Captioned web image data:
****************
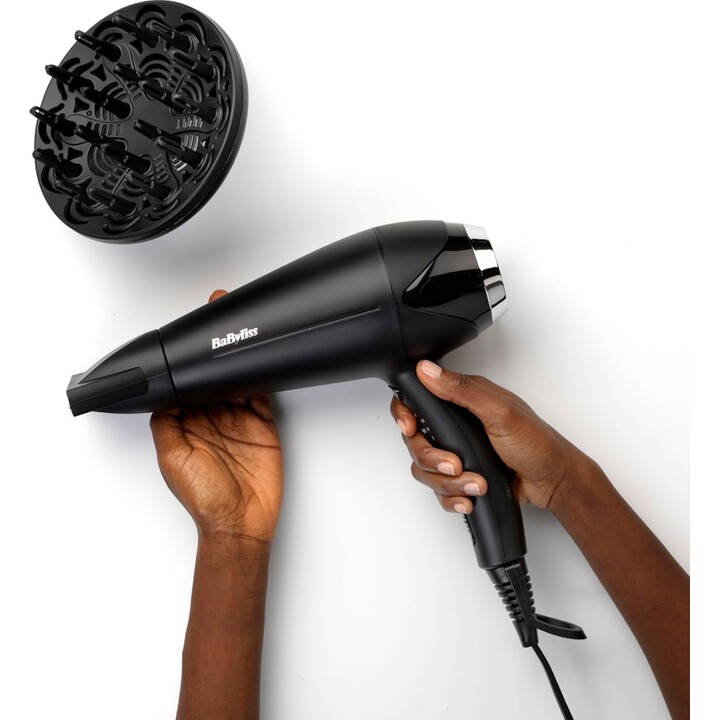 BaByliss Sèche-cheveux Turbo Shine 2200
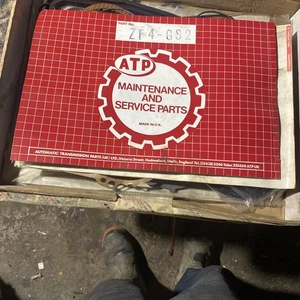 ZF 4HP22 4HP-22 Auto Transmission Master Rebuilt Kit For BMW LAND ROVER JAGUAR - Picture 1 of 5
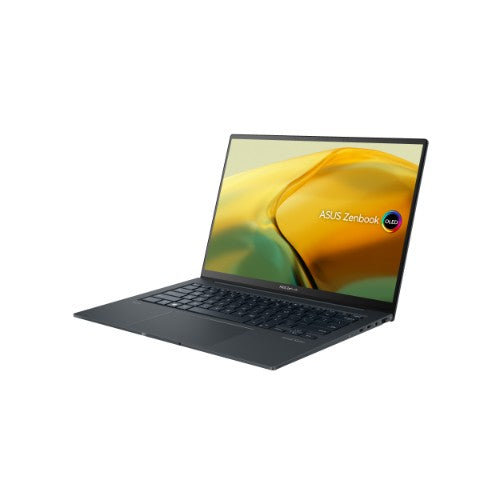 ASUS Zenbook 14X OLED UX3404VC-M3130W Intel® Core™ i9 i9-13900H Laptop 36.8 cm (14.5") Touchscreen 2.8K 16 GB LPDDR5-SDRAM 1 TB SSD NVIDIA GeForce RTX 3050 Wi-Fi 6E (802.11ax) Windows 11 Home Grey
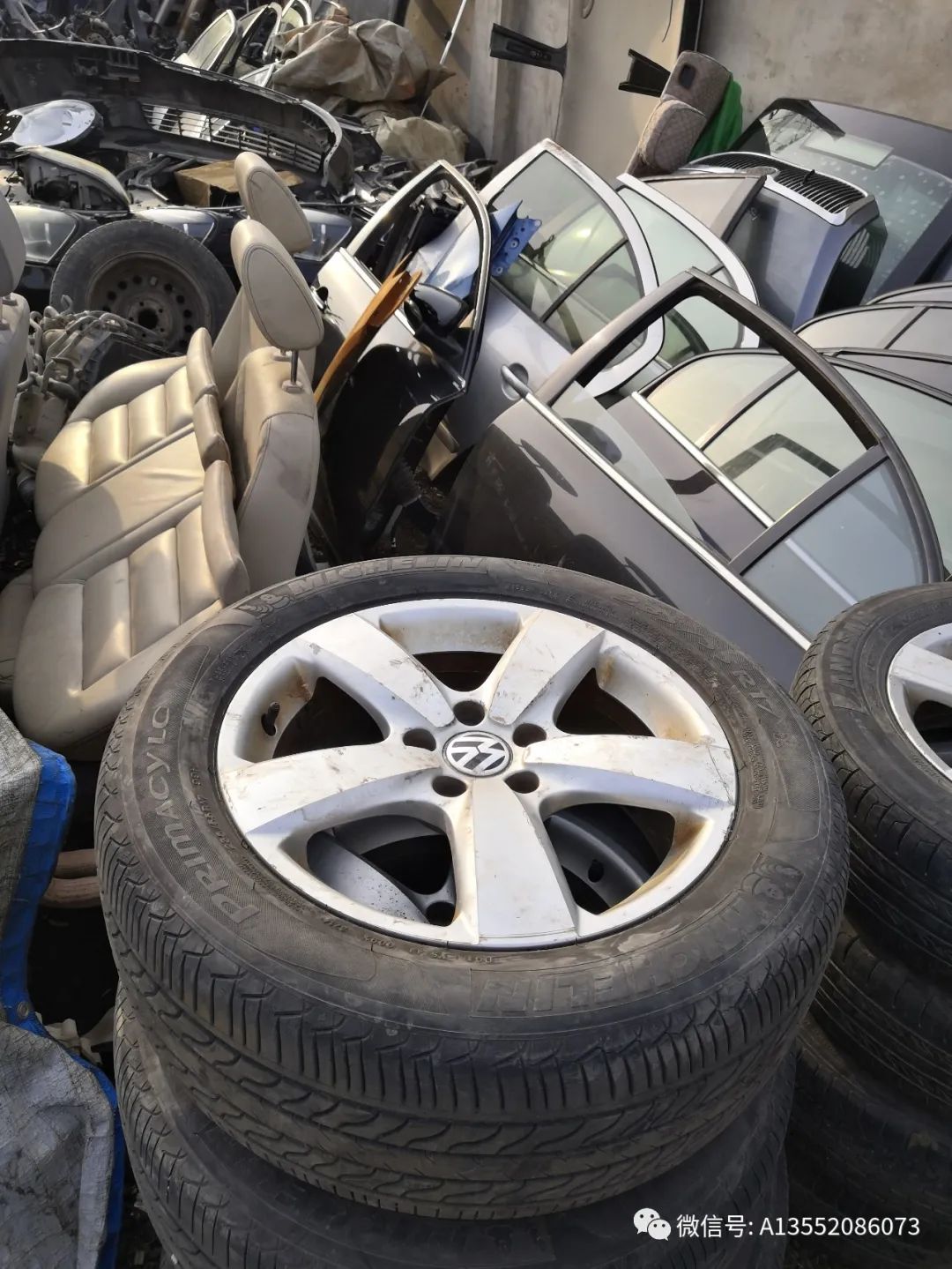 大众迈腾拆车件拒绝面子问题就选原装货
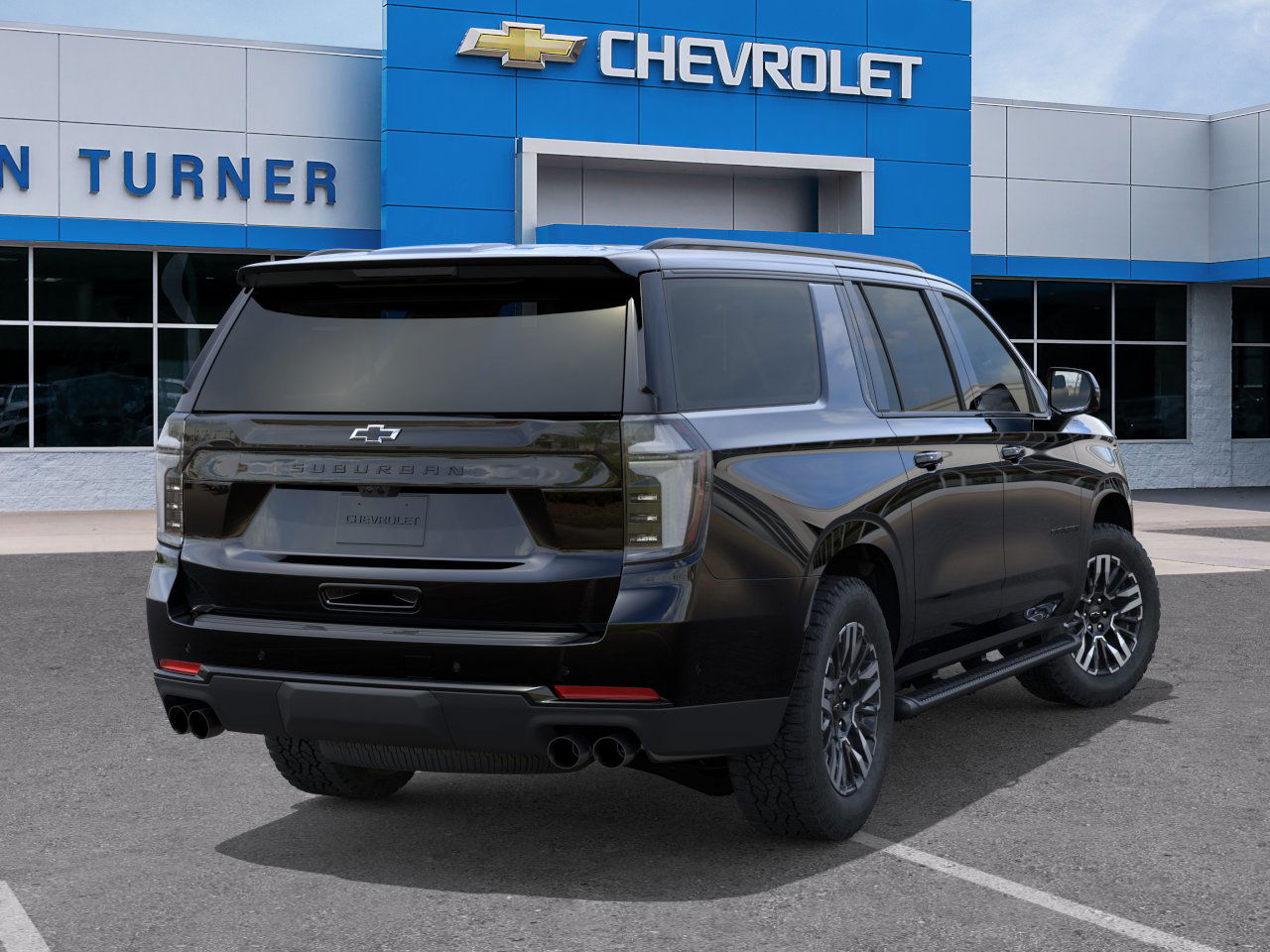 2026 Chevrolet Suburban Z71 photo 4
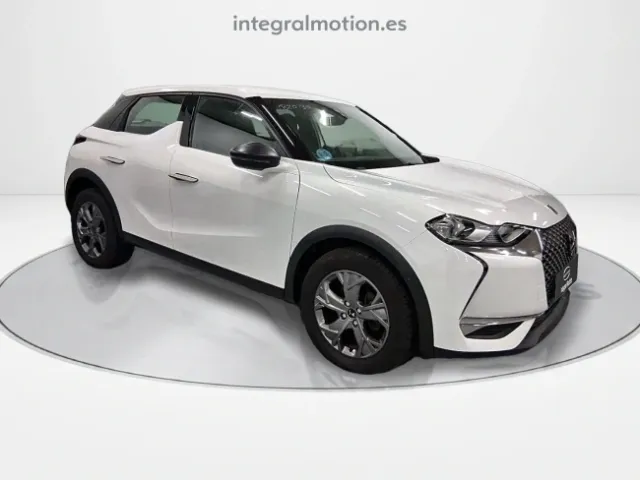 DS DS 3 Crossback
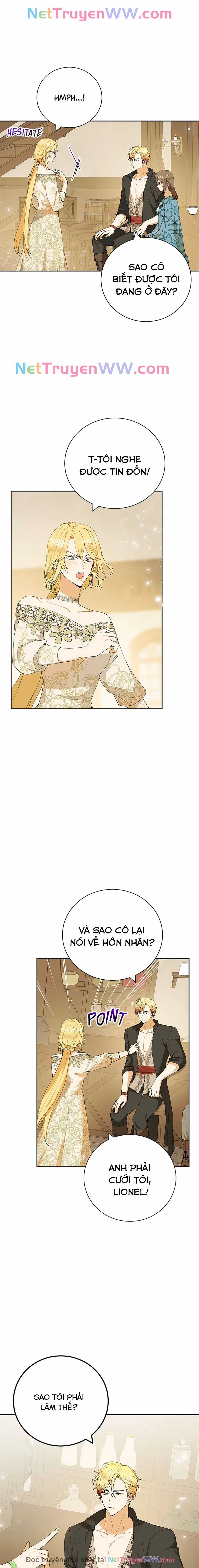 Sự Tán Tỉnh Ích Kỷ - Chapter 9 - Trang 3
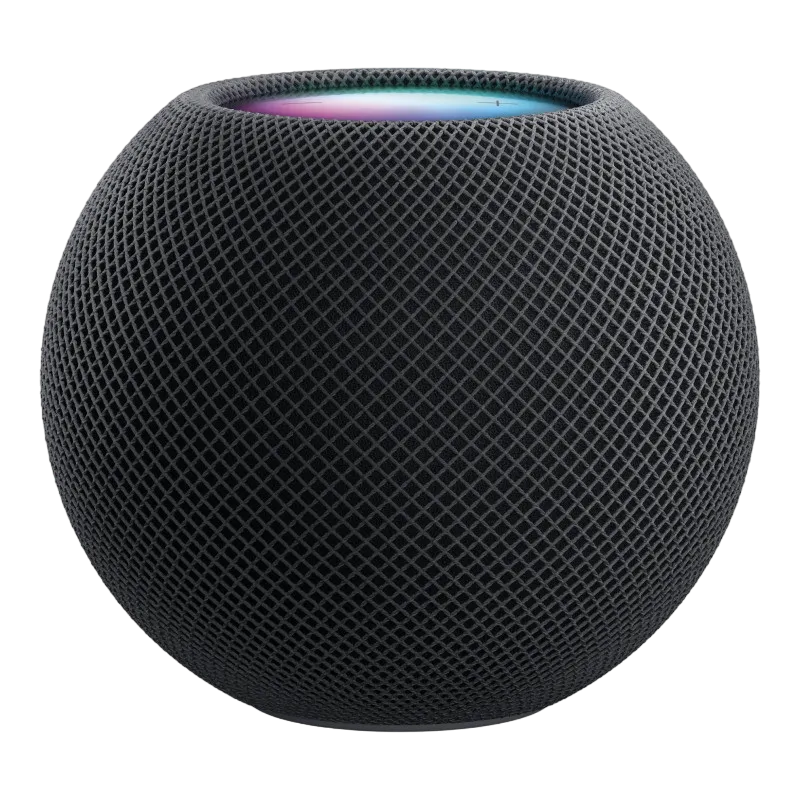 Умная колонка Apple HomePod mini, темная ночь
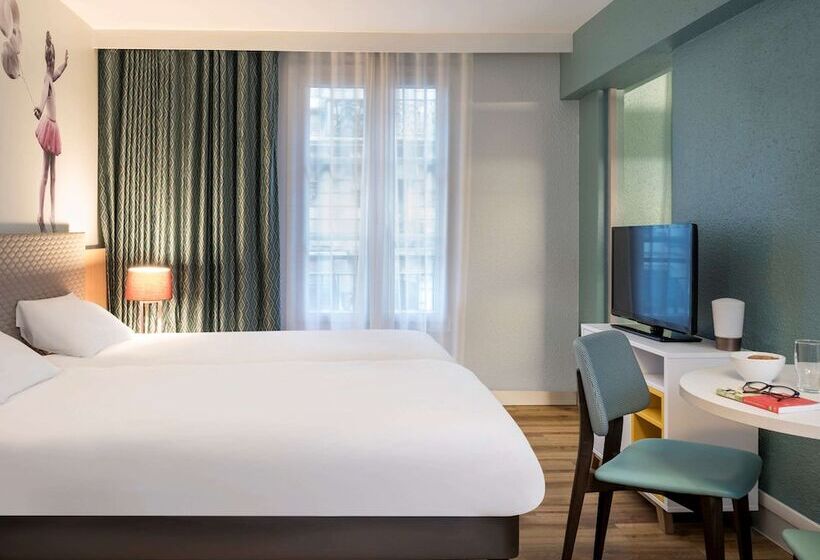 استودیوی استاندارد, Aparthotel Adagio Paris Montmartre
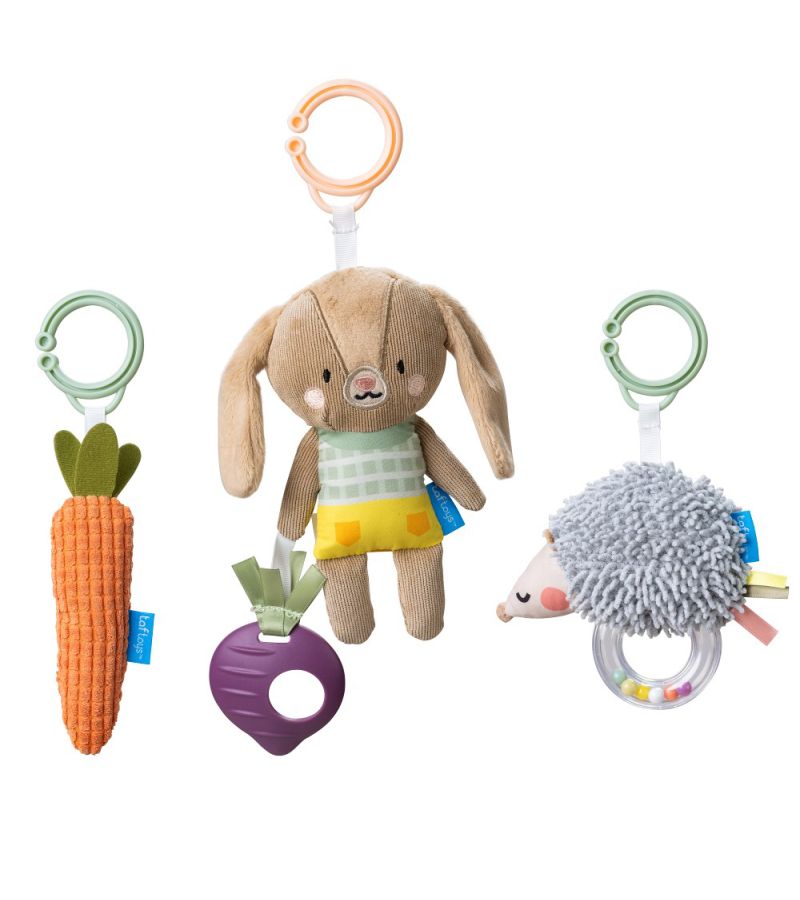 Σετ για νεογέννητο Activity Toys Kit TAF TOYS T-13225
****************
### The problem
From the first line to the last, output the data exactly, without the pictures.

### Answer for this exercise
 BaByliss Sèche-cheveux Turbo Shine 2200
 ZF 4HP22 4HP-22 Auto Transmission Master Rebuilt Kit For BMW LAND ROVER JAGUAR - Picture 1 of 5
 ASUS Zenbook 14X OLED UX3404VC-M3130W Intel® Core™ i9 i9-13900H Laptop 36.8 cm (14.5") Touchscreen 2.8K 16 GB LPDDR5-SDRAM 1 TB SSD NVIDIA GeForce RTX 3050 Wi-Fi 6E (802.11ax) Windows 11 Home Grey
 大众迈腾拆车件拒绝面子问题就选原装货
 2026 Chevrolet Suburban Z71 photo 4
 DS DS 3 Crossback
 Sự Tán Tỉnh Ích Kỷ - Chapter 9 - Trang 3
 Умная колонка Apple HomePod mini, темная ночь
 استودیوی استاندارد, Aparthotel Adagio Paris Montmartre
 Σετ για νεογέννητο Activity Toys Kit TAF TOYS T-13225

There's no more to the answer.